HOW TO COMPLETE THIS TASK: Copy exactly and only the lines running from the one that contains "195 Pleasant Valley" to the final line of the data below, without the pictures.

DATASET EXTRACT:
■ ■ ■ ■
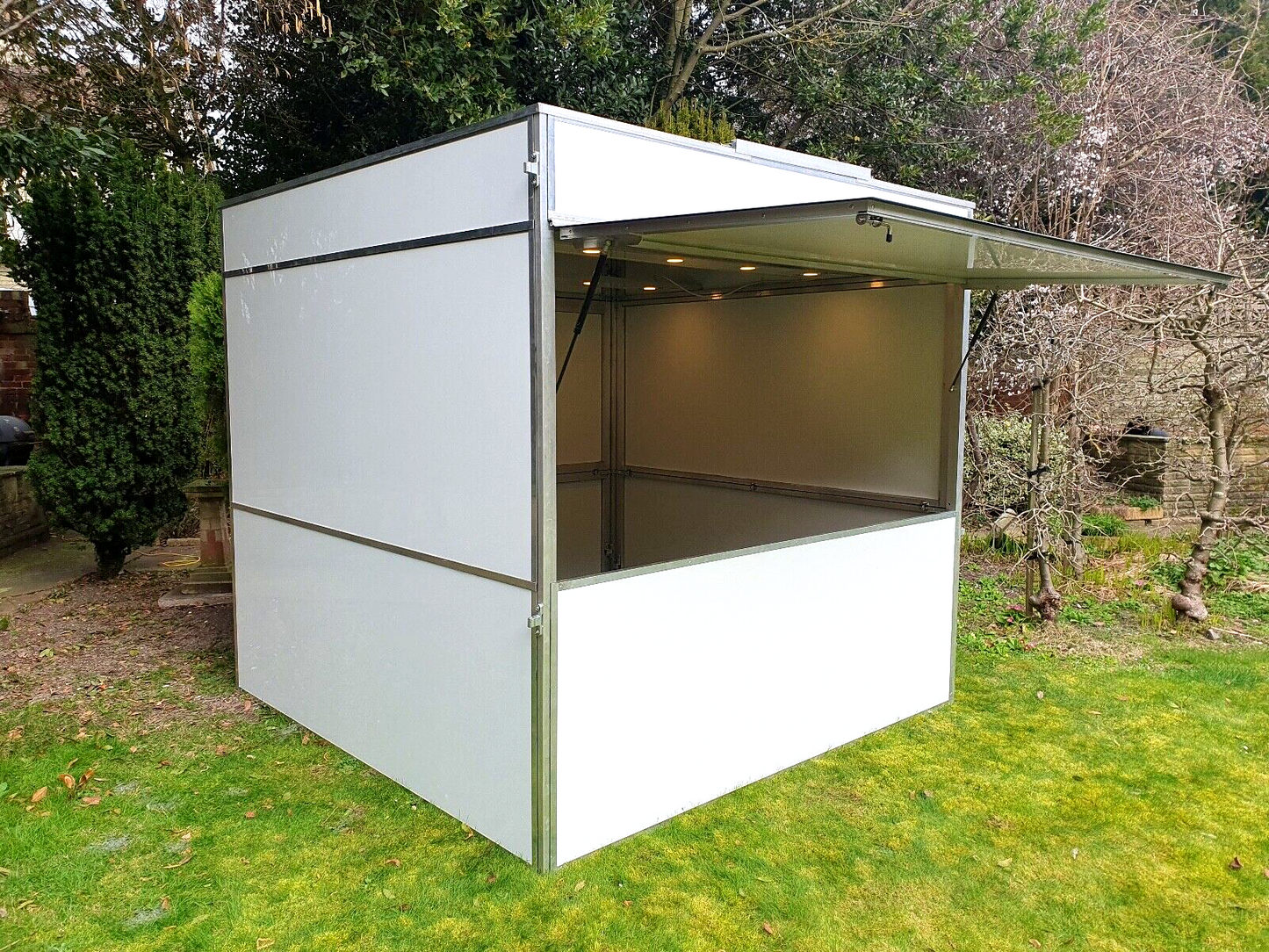 Portable Pop Up Kiosk - 8x8ft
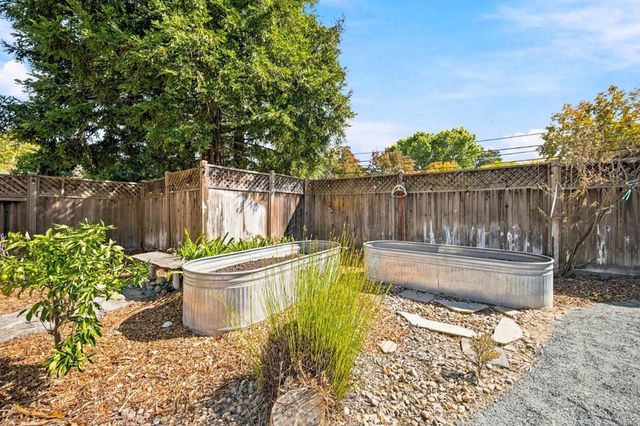 195 Pleasant Valley Drive, Walnut Creek, CA 94597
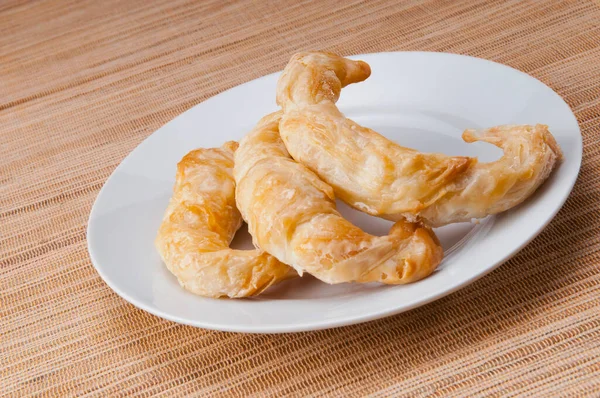 Croissant Con Burro Panna Piatto Bianco — Foto Stock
■ ■ ■ ■
OUTPUT:
 195 Pleasant Valley Drive, Walnut Creek, CA 94597
 Croissant Con Burro Panna Piatto Bianco — Foto Stock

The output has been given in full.